DEAR OUT: You have no obligation to go back to previous girlfriends to tell them that you are gay.
Beyond obligation is being thoughtful. You say you are not on good terms with any of these girls, which means you weren't likely planning to stay in touch with them. If you think any of your serious relationships soured because you were gay and didn't realize it or you were hiding it, it would be kind to go back to those girls to express your regret that the relationship did not work for this reason. If you knew you were gay and grappling with it, say as much. If you did not realize it until now, say that. Essentially, tell the truth to whomever you believe deserves to hear it. In this way, you are in control of how the information is revealed to people who have impacted your life rather than having it spread via other voices. It is your choice.

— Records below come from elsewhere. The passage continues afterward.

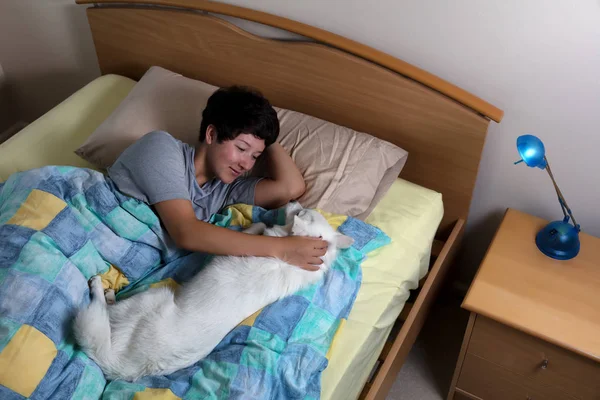 Rodinný pes a dospívající dívka sdílení postele během noci — Stock fotografie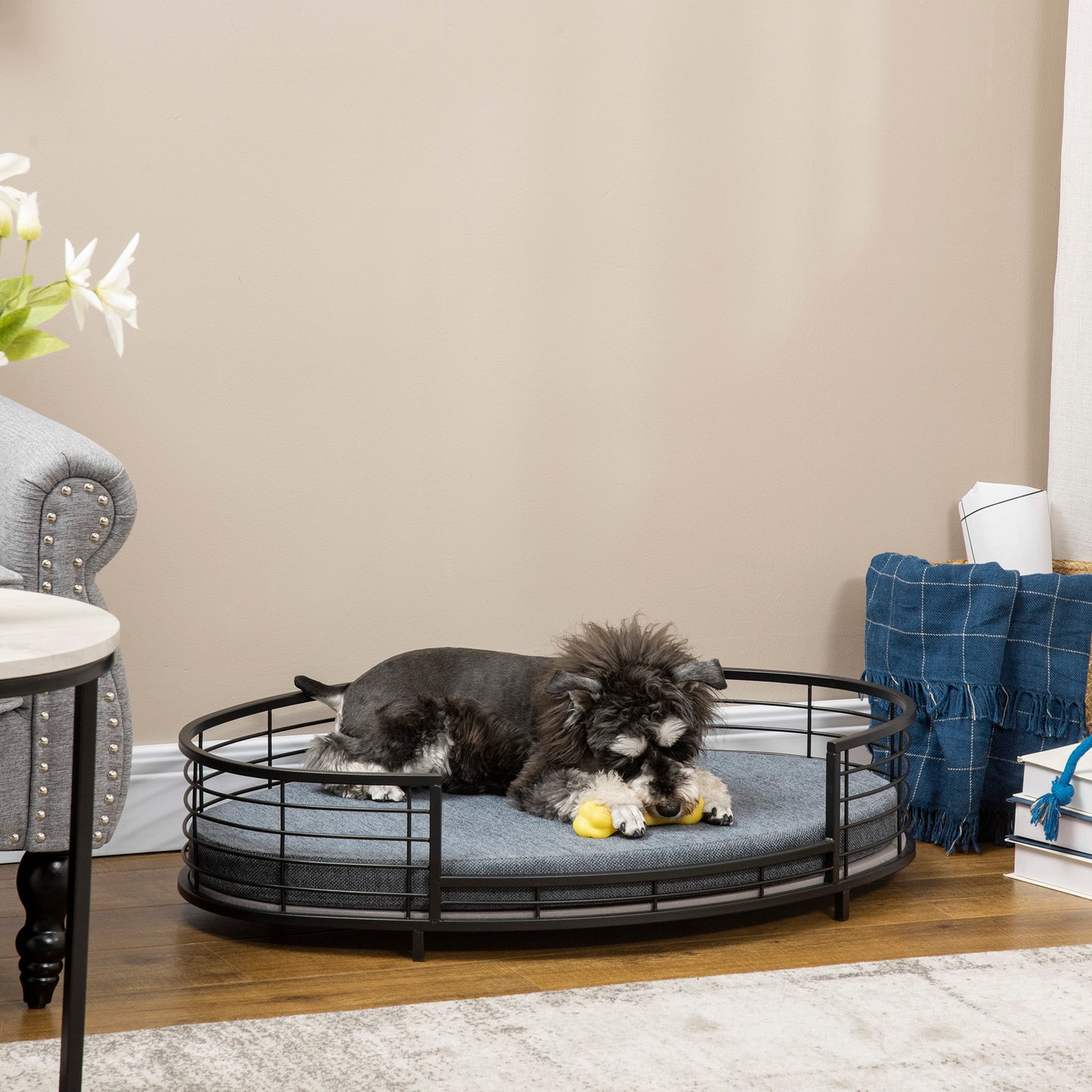 Round metal shop dog bed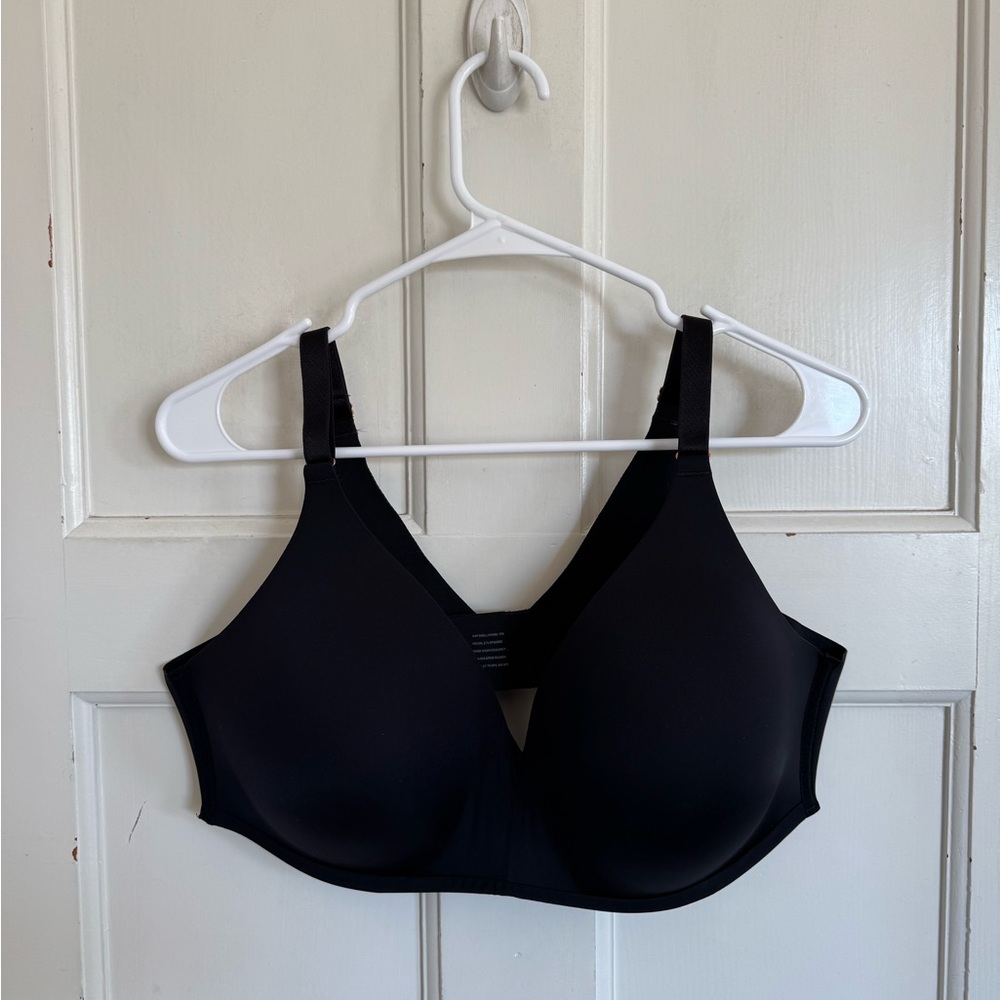 Soma black Vanishing‎ 360 wireless bra size 42C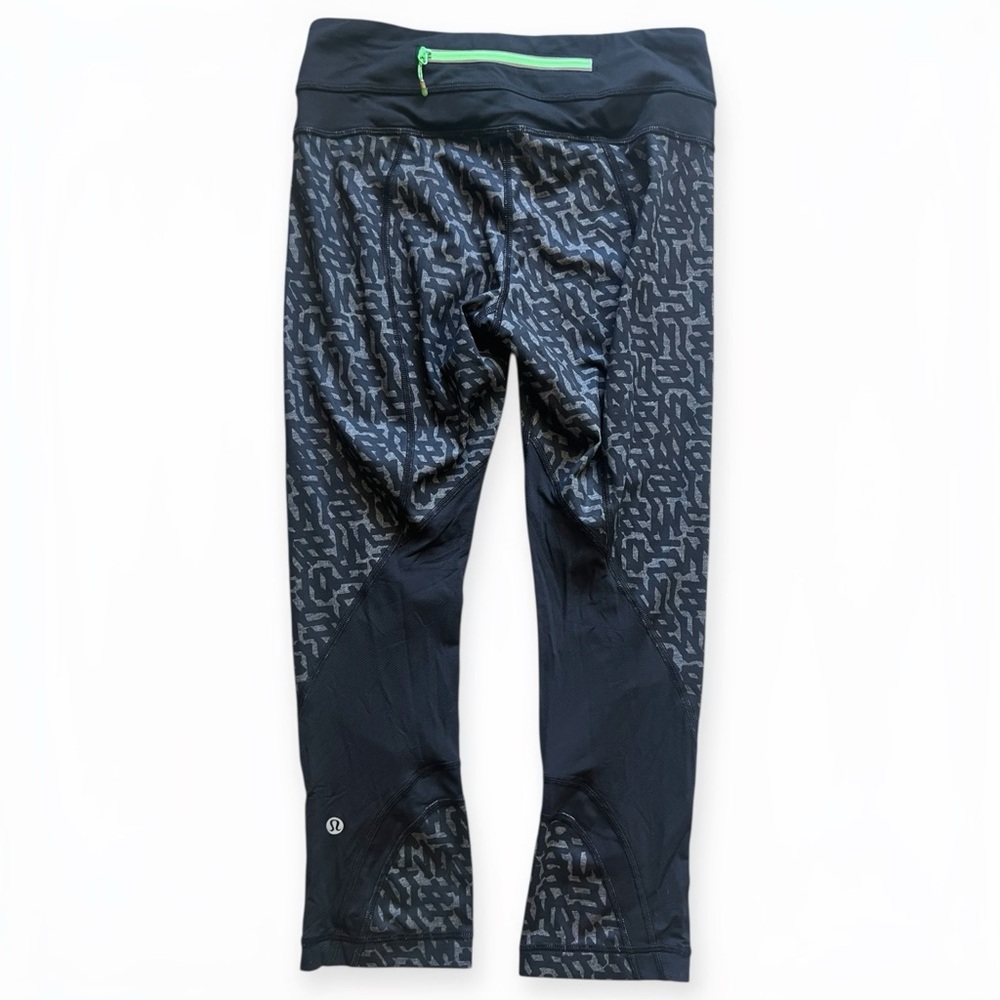 Vintage Lululemon Run: Inspire Crop Geometric Reflective Print Leggings | Size 4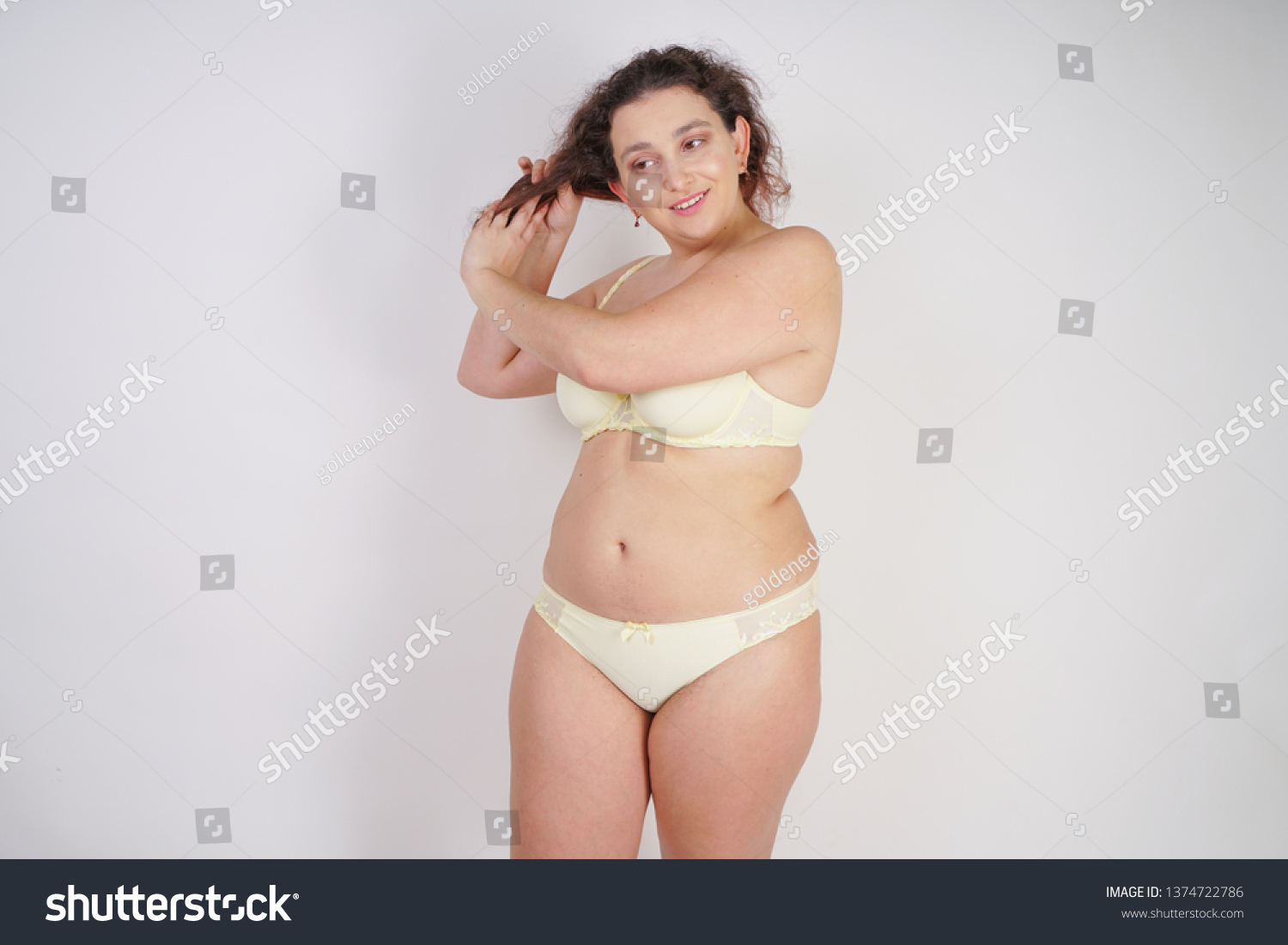 Cute Chubby Woman Yellow Fashion Lingerie: stockfoto (nu bew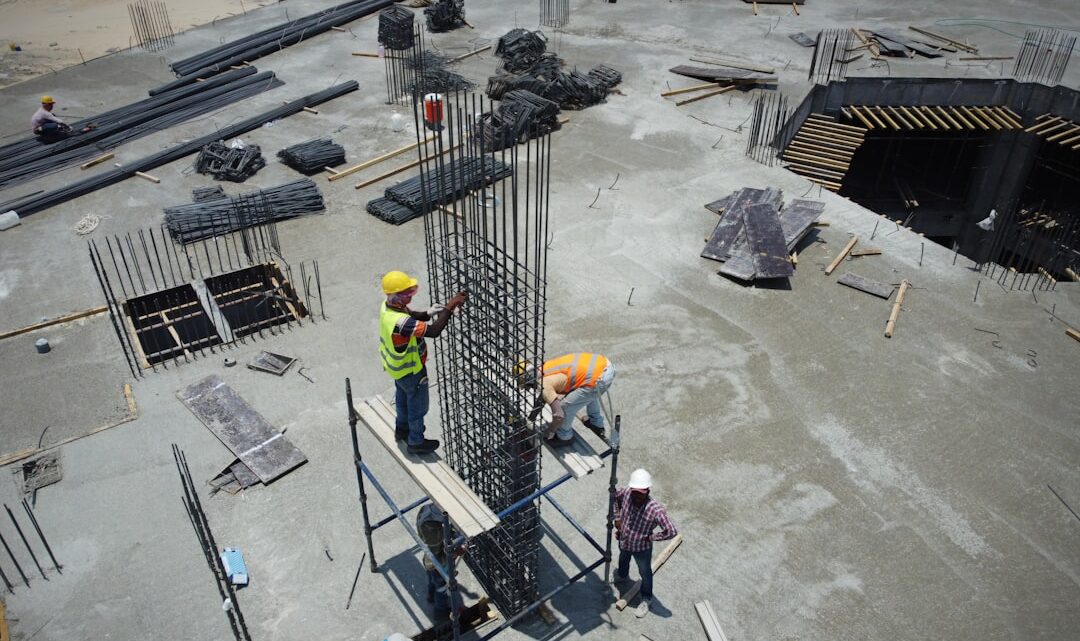 Um Grupo De Homens Em Cima De Um Canteiro De Obras DWp5nUqTn6E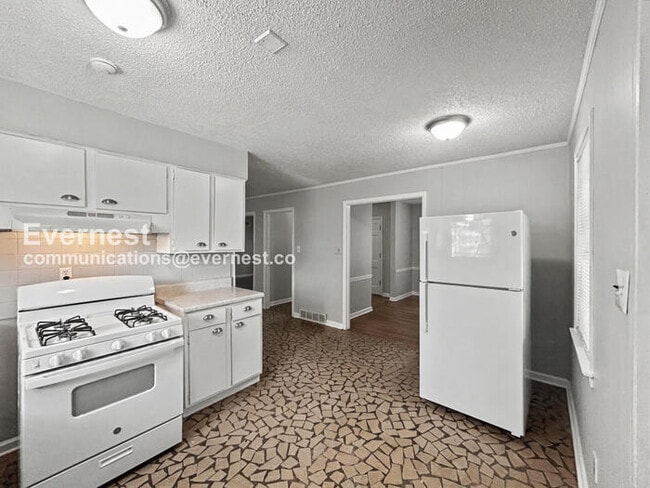 Building Photo - 3199 Gina Dr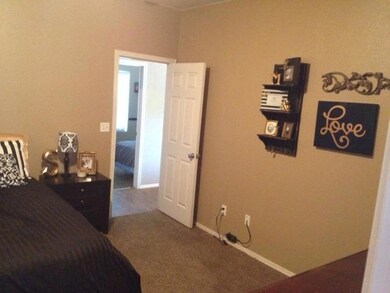 533 W Bel Aire Ln, Porterville, CA 93257 - photo 7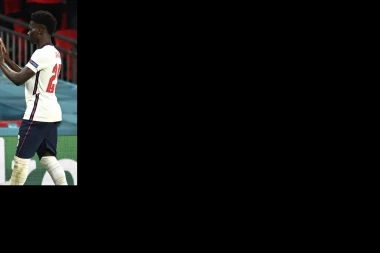 (VIDEO) MISLE SAMO NA ONE STVARI: Fudbaleri Engleske pred finale uhvaćeni u AKCIJI sa mladim devojkama!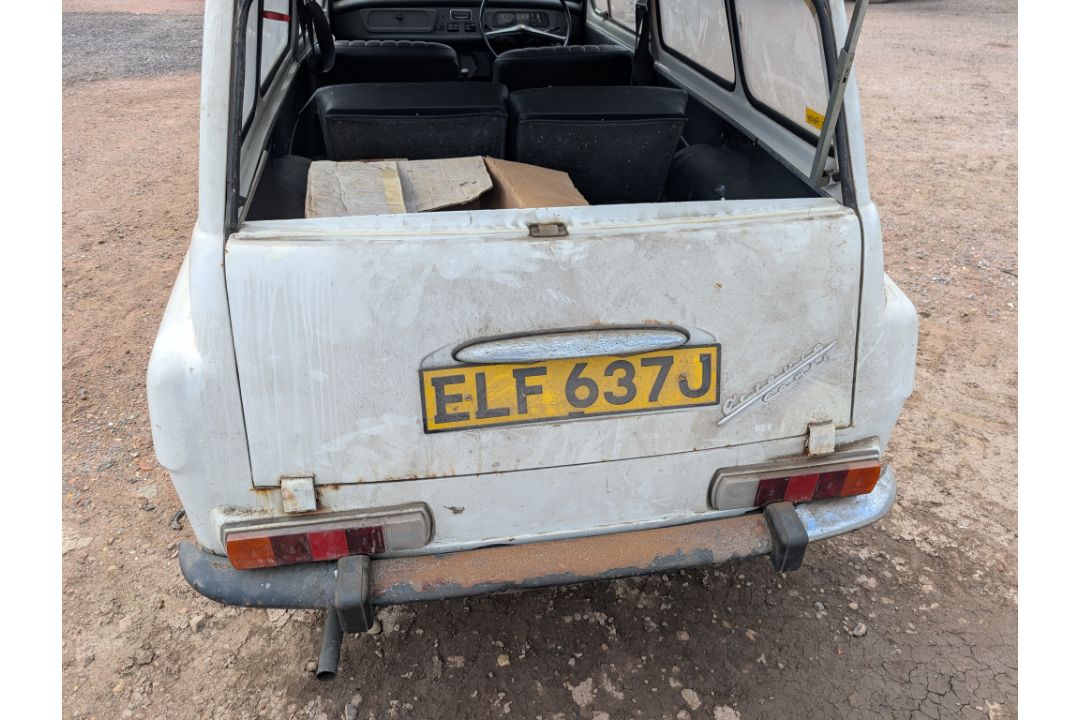 c.1970 SKODA Octavia Combi 1221cc petrol CAR  Reg. No. ELF 637J (expired)   An unusual UK specificat - Image 35 of 44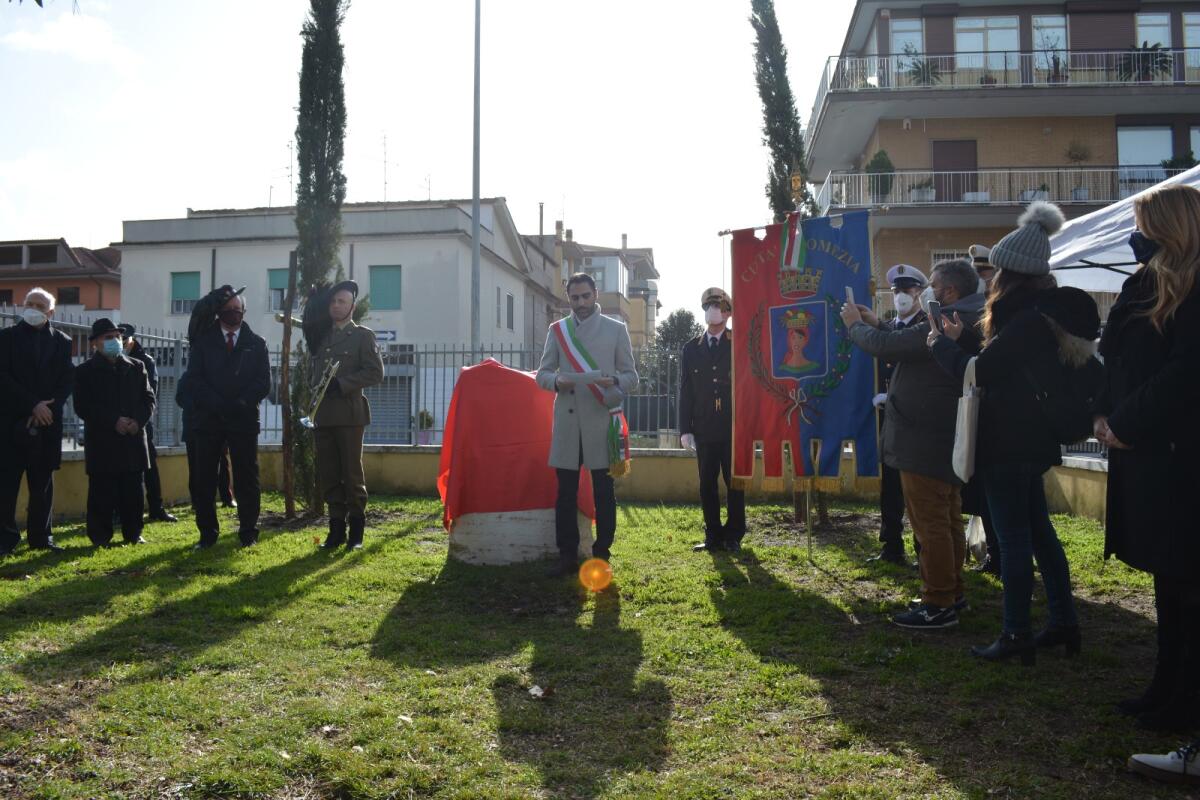 Il Comune di Pomezia ricorda le vittime del covid19, piantati 2 cipressi -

DEAR HARRIETTE: A couple of years ago, I dated a guy whose mother didn't like me very much. I found out that even after we broke up she was saying rude things about me behind my back to my ex's sister, who in turn told one of my friends -- that's how it got back to me. I saw her at an event recently and didn't know what to do. In a situation like that, is it best to say hello and take the high road or just leave her alone? -- Snubbed, Atlanta
DEAR SNUBBED: It is curious that this mother continues to talk badly about you. Who knows what her agenda is? You have no reason to get entangled in it unless you feel that she is damaging your reputation. Speaking curtly and moving on would be fine. No need to be warm, knowing that she is being rude.
If you believe that she is actively attempting to malign your name, you may consider reaching out to her and proactively letting her know that you do not appreciate her comments. You could tell her that her comments have gotten back to you, and if she is actually saying these things -- which you should be prepared to enumerate -- you should ask her to stop. Remind her that you are no longer in a relationship with her son. You would appreciate her closing the door on comments about you.